Psychanalye Aujourd'hui

Le blog de Brigitte Dusch psychanalyste historienne

Accompagner le désir d'être Soi
Le sujet humain est singulier, son histoire est unique, l'analyse lui permet de partir à sa rencontre et de tisser les liens, de prendre rendez-vous avec soi.

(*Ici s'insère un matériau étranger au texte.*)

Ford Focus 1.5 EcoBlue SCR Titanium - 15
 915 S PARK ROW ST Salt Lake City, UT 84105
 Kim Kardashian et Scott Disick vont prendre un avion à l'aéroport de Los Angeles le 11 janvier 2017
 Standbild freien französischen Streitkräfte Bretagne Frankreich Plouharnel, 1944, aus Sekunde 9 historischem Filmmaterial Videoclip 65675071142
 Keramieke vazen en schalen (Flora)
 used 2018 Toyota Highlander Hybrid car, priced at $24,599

"J'accepte la grande aventure d'être moi". Simone de Beauvoir

Mon livre : "j'aime ma vie"

mercredi 30 mai 2012

Naître une fille ?

De la difficulté peut-être d'être une fille puis une femme... Parfois !
Une histoire de femmes, il y a très longtemps maintenant... C'est pourquoi je la livre aujourd'hui..
L'histoire de L... Elle !



"Petite j'aimais bien tout ce qui brillait, les bijoux, les dentelles, les volants, les couleurs, tout ce qui "était de mauvais goût" disait ma mère qui elle, n'arborait que des tailleurs gris perle, gorge de pigeon et plein d'autres noms ce couleurs improbables encore
Moi, je ne rêvais que de rose, de jaune, d'orange, de bleus et violets couleurs de créatures renchérissait elle encore !
Créature, ce mot me faisait rêver, j'imaginais les superbes actrices hollywoodiennes, blondes platines ou rousses incendiaires, ces femmes magnifiques aux robes féériques !
Je me rêvais un peu ainsi, voyante, outrancière et tapageuse, à l'inverse de cette mère transparente ou presque qui faisait tout pour qu'on ne la remarque pas, ou pas trop, une belle femme est celle qu'on ne voit pas !
J'imaginais alors comment elle pouvait être belle si personne ne la voyait ?
Pour être belle, je pensais qu' il fallait se montrer, montrer sa beauté quitte à tricher un peu, alors je passais des heures et des heures devant la glace essayant de trouver à ce corps malingre quelque chose de beau !
Je scrutais le miroir à la recherche de ce qui allait faire de moi une créature de rêve !
J'avais beau chercher, dans le genre c'était plutôt raté...
J'étais plutôt ratée, d'ailleurs ma mère, ne manquait pas de désigner mes jambes et mes genoux qui n'étaient guère harmonieux, heureusement que la jupe les cacheront disait-elle soulagée, les genoux, c'est comme les pieds on  ne les montre pas, le comble de l'indécence, juste bon pour les créatures !Encore ces créatures !
C'était décidé quand je serai grande je serai moi aussi une de ces créatures qui montrent leur jambes et leur genoux, qui mettent du rouge sur les ongles de leurs pieds et de leurs mains
Du rimmel sur les cils, et du rouge à lèvres, le comble de l'élégance !
Je me rêvais, j'en rêvais.
Puis, j'ai grandi, mon corps à changé, alors je en sais plus pourquoi je me suis mise à détester ce corps qui de malingre devenait difforme, difforme de formes que je ne connaissais pas, des formes qui me gênaient, me dérangeaient.
Pourtant en y regardant bien, les créatures que détestaient ma mère avaient elles aussi des formes, qu'elles mettaient en valeur dans des décolletés plongeants, des jupes moulantes et colorées...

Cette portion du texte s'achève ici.